Der Europäische Gerichtshof hatte in seinem Verfahren C-271/06 zu entscheiden, ob eine Umsatzsteuerbefreiung auch bei gefälschtem Ausfuhrnachweis gewährt werden kann. Der Bundesfinanzhof legte dem Europäischen Gerichtshof diese Frage mit Beschluss vom 2. März 2006 (Az. V R 7/03) vor.

Das deutsche Umsatzsteuerrecht sieht eine Umsatzsteuerbefreiung für Ausfuhrlieferungen (Lieferungen aus Deutschland in ein Land außerhalb der Europäischen Union) vor, wenn der deutsche Lieferant einen Ausfuhrnachweis erbringt. Beruht die Steuerbefreiung auf unrichtigen Angaben des Abnehmers undkonnte der Lieferant das bei Beachtung der Sorgfalt eine ordentlichen Kaufmanns nicht erkennen, ist die Lieferung gleichwohl als steuerfrei anzusehen.

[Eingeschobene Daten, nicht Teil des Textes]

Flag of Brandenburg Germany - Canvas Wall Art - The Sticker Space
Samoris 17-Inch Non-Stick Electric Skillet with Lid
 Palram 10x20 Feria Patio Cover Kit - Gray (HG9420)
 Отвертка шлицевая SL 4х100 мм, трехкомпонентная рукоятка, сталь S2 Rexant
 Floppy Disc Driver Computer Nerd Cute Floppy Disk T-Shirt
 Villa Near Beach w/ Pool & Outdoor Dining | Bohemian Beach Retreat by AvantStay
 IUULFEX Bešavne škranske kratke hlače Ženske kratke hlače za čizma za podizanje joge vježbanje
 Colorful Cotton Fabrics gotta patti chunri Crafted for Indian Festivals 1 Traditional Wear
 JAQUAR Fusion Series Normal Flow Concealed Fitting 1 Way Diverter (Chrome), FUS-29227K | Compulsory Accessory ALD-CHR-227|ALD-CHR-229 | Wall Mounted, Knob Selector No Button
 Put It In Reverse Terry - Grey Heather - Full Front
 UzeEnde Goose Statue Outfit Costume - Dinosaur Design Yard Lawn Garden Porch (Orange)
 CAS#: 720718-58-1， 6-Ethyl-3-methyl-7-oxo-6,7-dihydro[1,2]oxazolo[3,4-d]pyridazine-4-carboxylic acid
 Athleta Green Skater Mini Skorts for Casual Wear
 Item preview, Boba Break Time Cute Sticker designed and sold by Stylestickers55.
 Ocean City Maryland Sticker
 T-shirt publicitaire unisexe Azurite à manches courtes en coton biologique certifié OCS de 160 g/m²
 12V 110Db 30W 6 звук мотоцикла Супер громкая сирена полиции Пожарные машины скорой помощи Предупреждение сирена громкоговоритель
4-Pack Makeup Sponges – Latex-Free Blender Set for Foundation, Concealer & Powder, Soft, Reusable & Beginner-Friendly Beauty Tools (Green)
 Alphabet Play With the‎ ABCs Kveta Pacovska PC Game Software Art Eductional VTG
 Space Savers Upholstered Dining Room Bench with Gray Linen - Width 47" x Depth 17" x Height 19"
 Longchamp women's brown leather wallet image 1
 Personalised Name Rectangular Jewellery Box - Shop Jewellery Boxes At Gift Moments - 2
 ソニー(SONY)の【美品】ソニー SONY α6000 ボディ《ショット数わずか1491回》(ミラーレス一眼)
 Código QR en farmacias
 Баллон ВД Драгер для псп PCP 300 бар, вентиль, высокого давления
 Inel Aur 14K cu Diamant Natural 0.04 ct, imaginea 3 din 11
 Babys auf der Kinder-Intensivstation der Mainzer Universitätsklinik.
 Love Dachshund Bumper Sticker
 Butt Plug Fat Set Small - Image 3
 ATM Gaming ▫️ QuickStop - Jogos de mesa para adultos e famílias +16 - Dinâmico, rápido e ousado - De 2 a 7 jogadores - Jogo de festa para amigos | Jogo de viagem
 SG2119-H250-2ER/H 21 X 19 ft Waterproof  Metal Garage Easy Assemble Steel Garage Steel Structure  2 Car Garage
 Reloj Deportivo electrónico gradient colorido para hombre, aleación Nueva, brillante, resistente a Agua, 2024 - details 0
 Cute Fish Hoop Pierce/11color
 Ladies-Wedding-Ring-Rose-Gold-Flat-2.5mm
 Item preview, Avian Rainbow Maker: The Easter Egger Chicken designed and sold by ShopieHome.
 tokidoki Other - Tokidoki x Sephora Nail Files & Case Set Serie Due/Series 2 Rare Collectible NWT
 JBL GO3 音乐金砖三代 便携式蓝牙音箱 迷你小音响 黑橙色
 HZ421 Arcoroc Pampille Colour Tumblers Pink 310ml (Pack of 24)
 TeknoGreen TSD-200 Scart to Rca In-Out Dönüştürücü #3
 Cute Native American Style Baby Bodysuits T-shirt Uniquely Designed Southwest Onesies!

Genau diese Steuerbefreiung wurde dem Lieferanten vom Finanzamt versagt.

Der Fall:

Eine Supermarktkette verkaufte – vor dem Beitritt Polens zur Europäischen Union – Waren an polnische Abnehmer. Nach Vorlage des Reisepasses und der Ausfuhrbescheinigung der zuständigen Zollbehörde erstattete die Supermarktkette den Kunden die Umsatzsteuer.

Die Supermarktkette bat 1998 das Hauptzollamt Neubrandenburg darum, zu überprüfen, ob der Zollstempel Nr. 73 und die Zollformulare, auf denen er angebracht war, gefälscht seien. Nachdem das Hauptzollamt dies zunächst verneint hatte, teilte es dem Unternehmen mit, dass eine nochmalige Prüfung ergeben habe, dass die ihm von diesem übergebenen Unterlagen Fälschungen seien. In der Folge stellte die Steuerfahndungsstelle fest, dass polnische Staatsbürger zwischen 1993 und 1998 einen großen Teil der Ausfuhrnachweise mit falschen Zollformularen angefertigt bzw. diese vermeintlichen Nachweise mit einem falschen Zollstempel versehen hatten.

Der Europäische Gerichtshof entschied, dass in einem derartigen Fall die Steuerbefreiung zu gewähren ist. Immerhin hatte selbst das Hauptzollamt auf Anhieb die Fälschung nicht als solche erkannt.